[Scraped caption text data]
--- --- ---

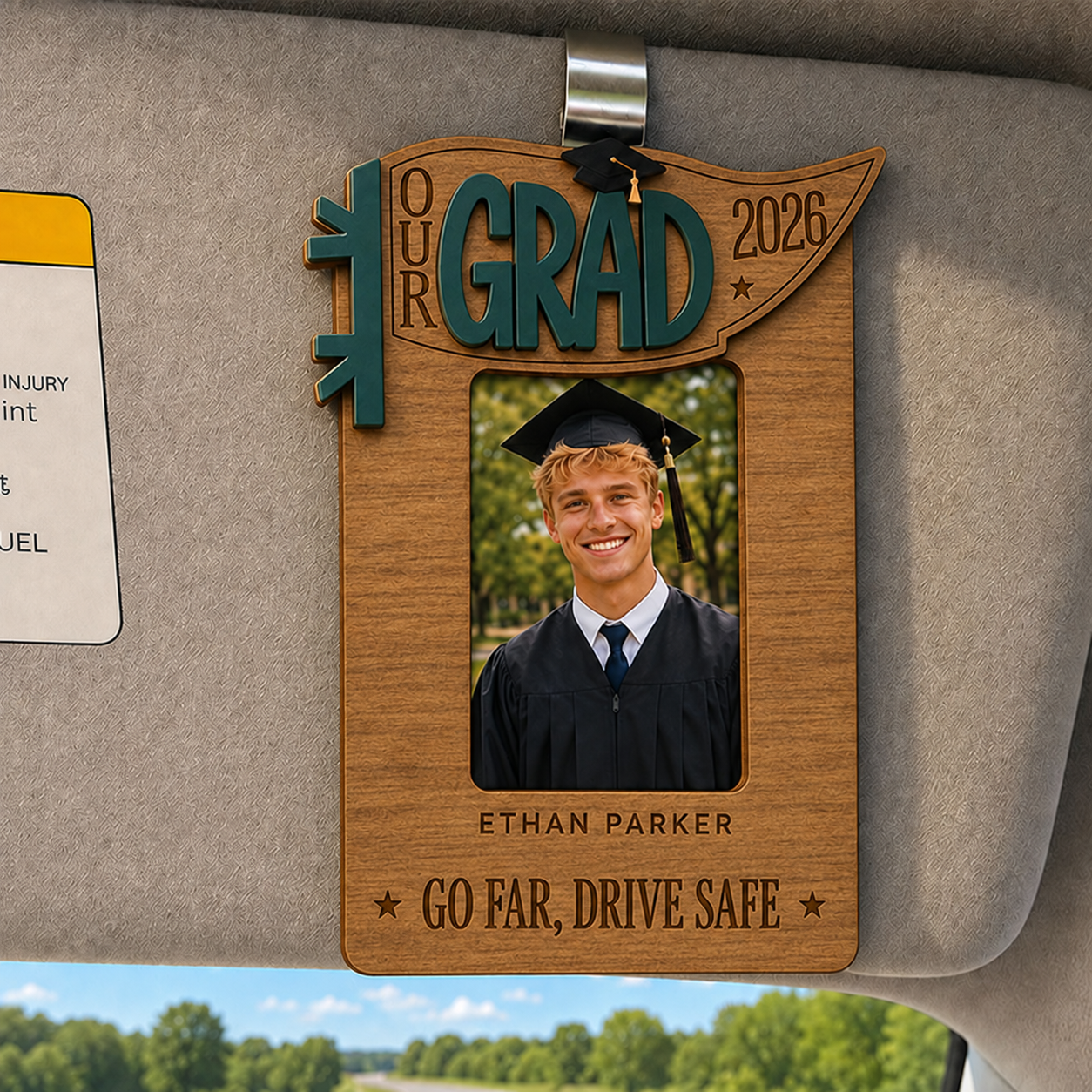 📸  Personalized Graduation Car Visor Photo Frame | Custom Name Class of 2026 Wooden Keepsake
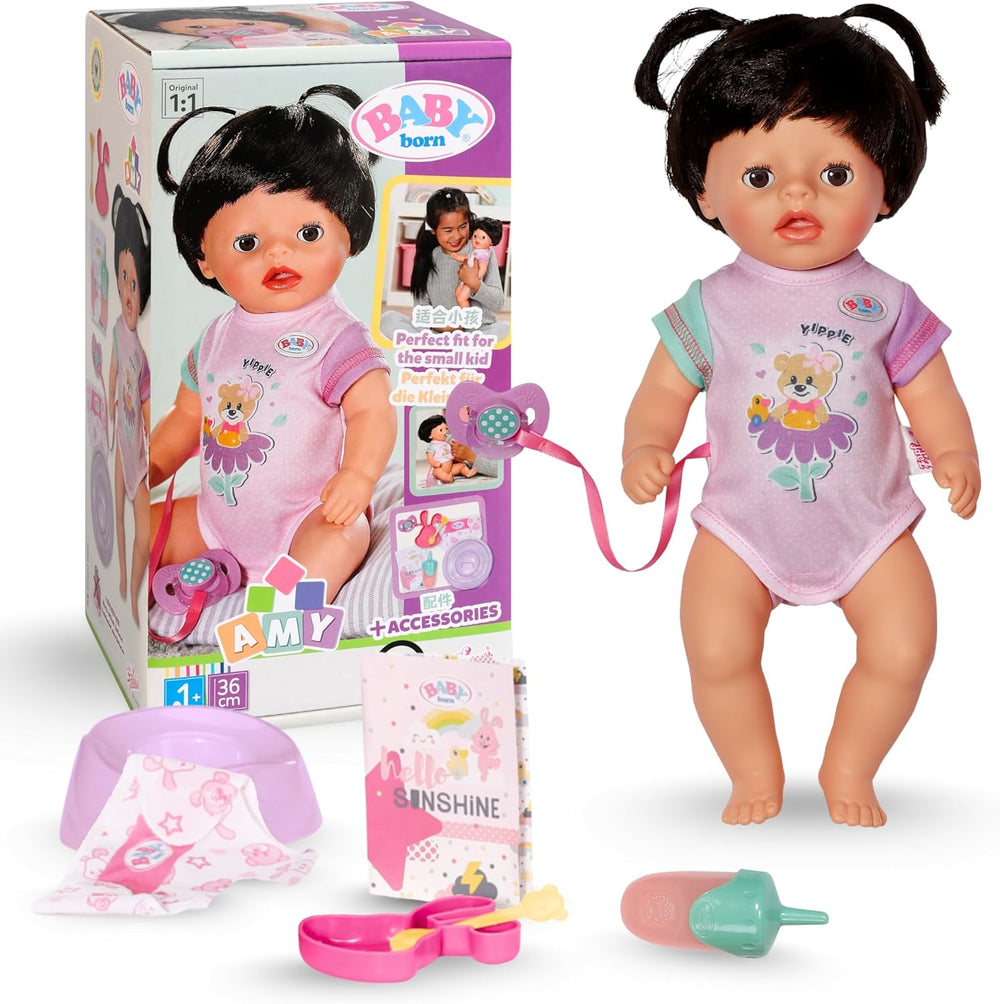 BABY Born Amy - Păpușă de 36 cm - Păpușă bebeluș cu 7 funcții pentru copii mici de la 1 an - Funcționează fără baterii - Include accesorii și saltea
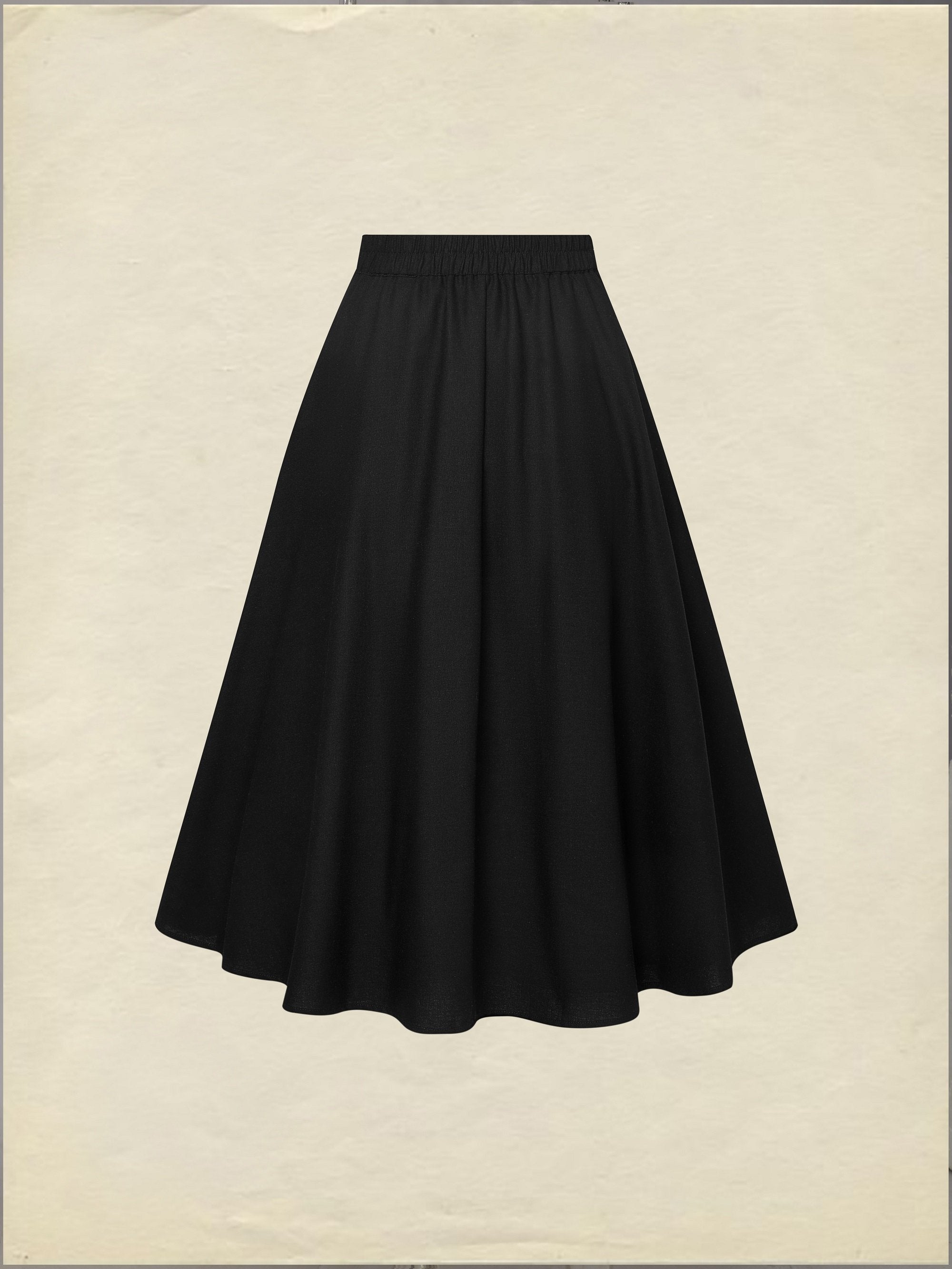 Midi Linen Skirt Set, Long Sleeves, Lapel Collar, Plain, Button Design, Vintage, White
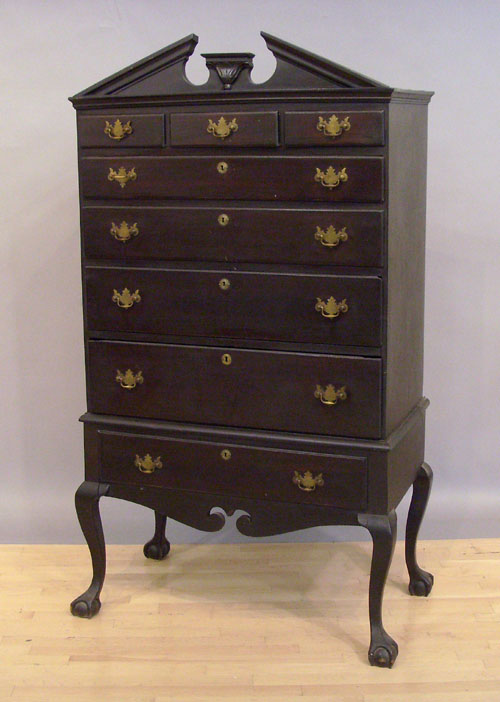 Appraisal: Chippendale style mahogany highboy th c h w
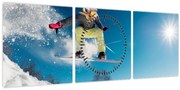 Tablou - Snowboarder (cu ceas) (90x30 cm)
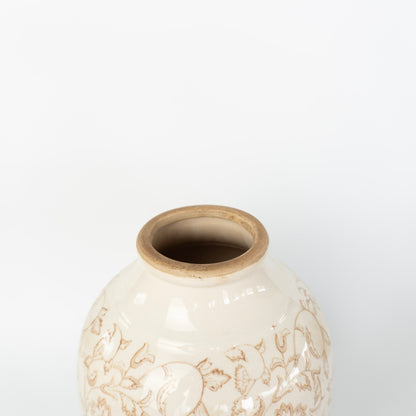 12" Beige Heirloom Vase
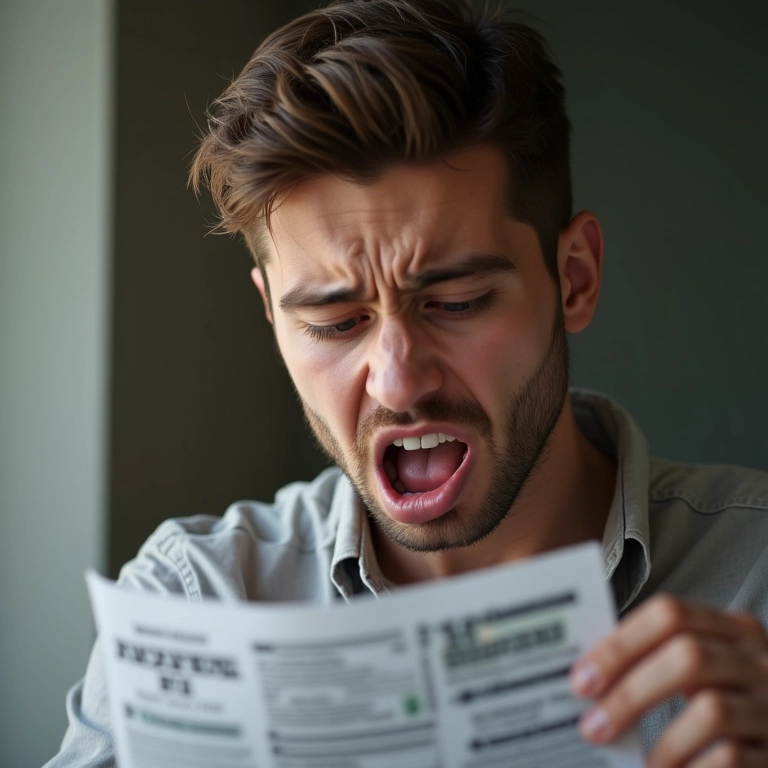 Pessoa preocupada com contas, dente caindo. Sonho com dentes.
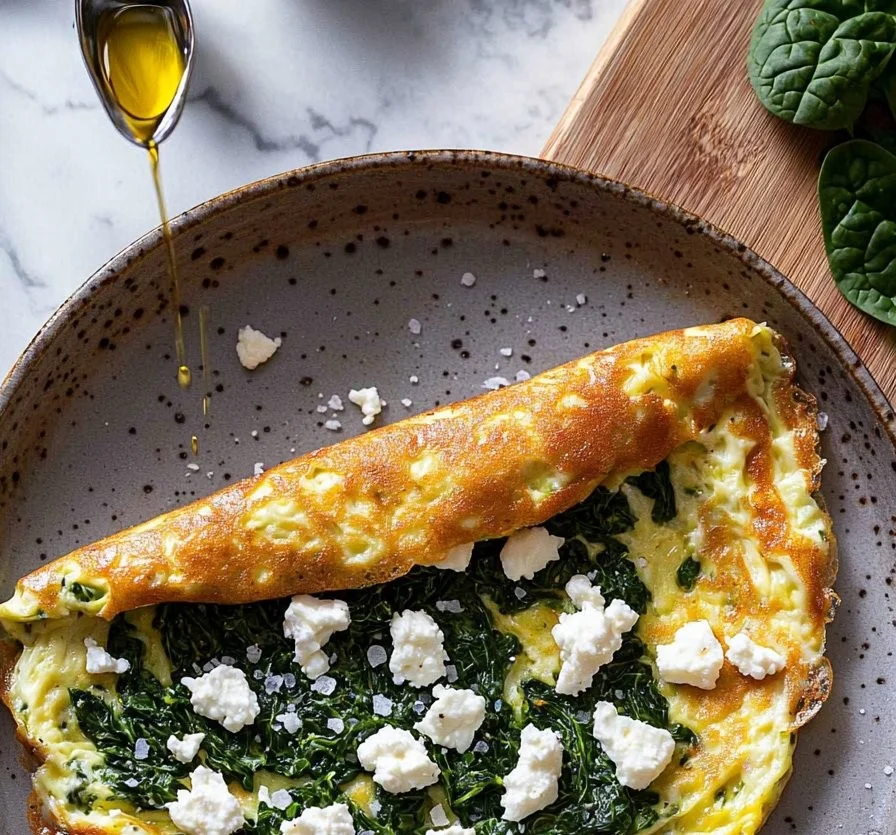15 Minute Spinach and Feta Omelet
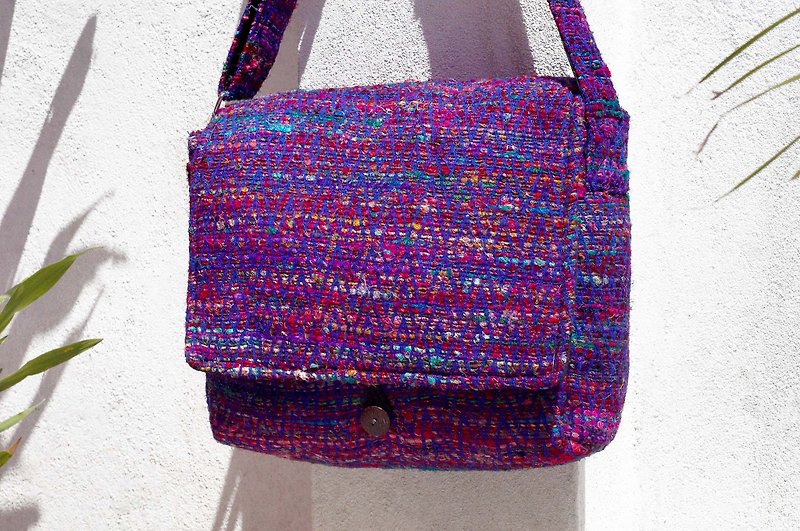 Limited Satin Cloth Lightweight Bag / Sari Line Backpack / Shoulder Bag / Side Bag / Shoulder Bag / Travel Bag - Star Blue Stripe Sally Line - Messenger Bags & Sling Bags - Silk Multicolor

--- --- ---

*Exercise prompt*.
All records above must be copied exactly, though the pictures they hold are to be left out.

*Exercise result*.
 📸  Personalized Graduation Car Visor Photo Frame | Custom Name Class of 2026 Wooden Keepsake
 BABY Born Amy - Păpușă de 36 cm - Păpușă bebeluș cu 7 funcții pentru copii mici de la 1 an - Funcționează fără baterii - Include accesorii și saltea
 Midi Linen Skirt Set, Long Sleeves, Lapel Collar, Plain, Button Design, Vintage, White
 Appraisal: Chippendale style mahogany highboy th c h w
 Tablou - Snowboarder (cu ceas) (90x30 cm)
 12" Beige Heirloom Vase
 Pessoa preocupada com contas, dente caindo. Sonho com dentes.
15 Minute Spinach and Feta Omelet
 Limited Satin Cloth Lightweight Bag / Sari Line Backpack / Shoulder Bag / Side Bag / Shoulder Bag / Travel Bag - Star Blue Stripe Sally Line - Messenger Bags & Sling Bags - Silk Multicolor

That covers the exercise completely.